This “dreampopster”’s having grown up listening to Amy Grant may explain the melodic flexibility of her dulcet voice and her knack for crafting confessional lyrics to which believers and unbelievers at particularly vulnerable moments in their lives can relate, i.e., the pop part. But it doesn’t explain the dreaminess. Curtis has married into that by exchanging vows with the electronics maestro Jamie Hill. And not since Agnetha Fältskog and Frida Lyngstad married Björn Ulvaeus and Benny Andersson respectively has a musical marriage sounded so made in heaven.

Random Access Memories

After 16 years of trying to become the world’s most popular techno-dance act in particular, Thomas Bangalter and Guy-Manuel de Homem-Christo now find themselves the world’s most popular pop act in general. How else to refer to the makers of an album that debuts at Number One in 20 countries?
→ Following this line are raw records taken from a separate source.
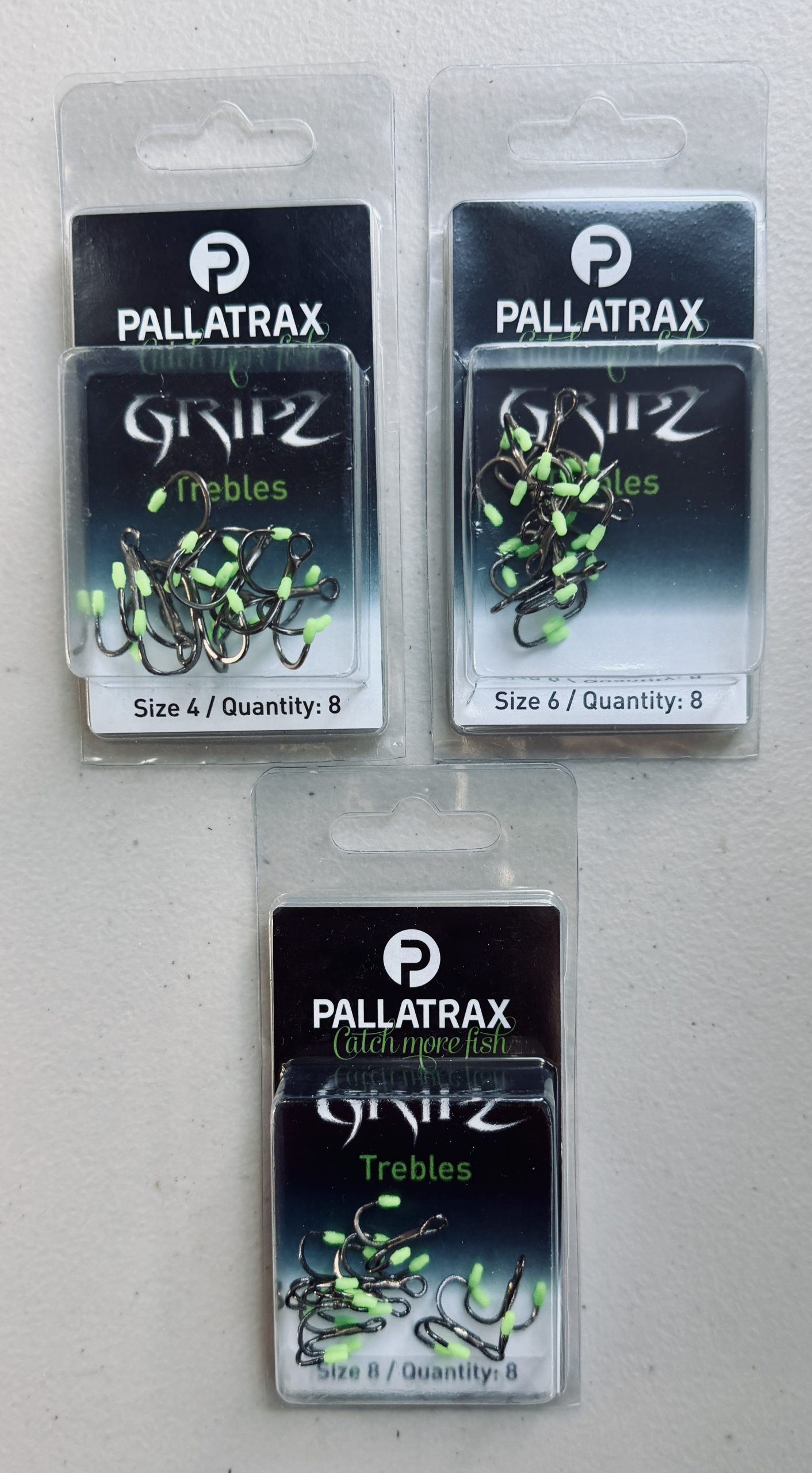 Image showing 3 retail pack of Pallatrax Gripz Treble Hooks in Sizes 4, 6 and 8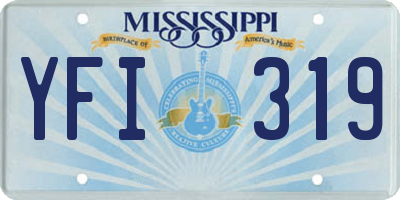 MS license plate YFI319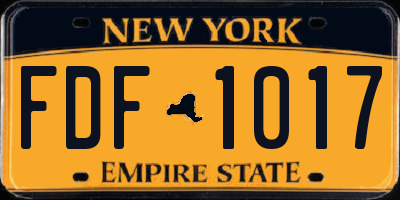 NY license plate FDF1017
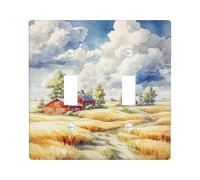 Piastre di copertura per interruttori della luce rustica/coperture di uscita, campi di grano dorato con fienili rossi, decorazione per la casa autunnale, piastre da parete in materiale termoplastico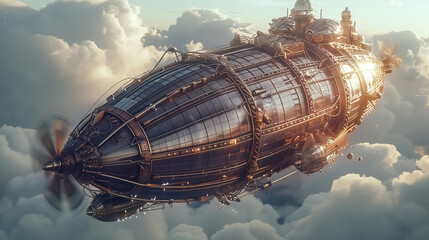 A huge steampunk airship 3d retro technology illustration fantastic wallpaper.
Eschewing samples and Auto-Tune for live drums, vocoders, Nile Rogers, and Giorgio Moroder, these two Frenchmen set out to take the ’70s and ’80s pop they grew up loving into the future. They’ve succeeded.

On My Way to the Sun

His CCM producer-performer accomplishments notwithstanding, it’s for singing Kansas’s final hit 31 years ago that Elefante will most be remembered. Appropriately, he has invited the Kansans David Ragsdale (violin) and Rich Williams (guitar) to contribute to this album’s lead track and made every song expressive of the heartland progressive hard rock for which Kansas became famous. True, the cover art recalls Yes, but the lyrics don’t. They’re as explicitly Christian as anything written by Kerry Livgren. And Elefante’s age-defying 55-year-old pipes do them justice.

Spotlight

A generation ago, the 13 profanities that pockmark the otherwise smooth road traveled by the veteran rapper Aceyalone on his latest album, Leanin’ on Slick (Decon), would’ve stigmatized him as transgressive. Nowadays, when most rappers pack at least 13 profanities into every song, Aceyalone (pronounced “A.C. Alone”) seems like a Goody Two-shoes. Furthermore, he auto-tweaks his expletives, making them radio (if not family) friendly, and 10 of his 13 latest songs contain no cussing at all. Such steps in the right direction should be encouraged.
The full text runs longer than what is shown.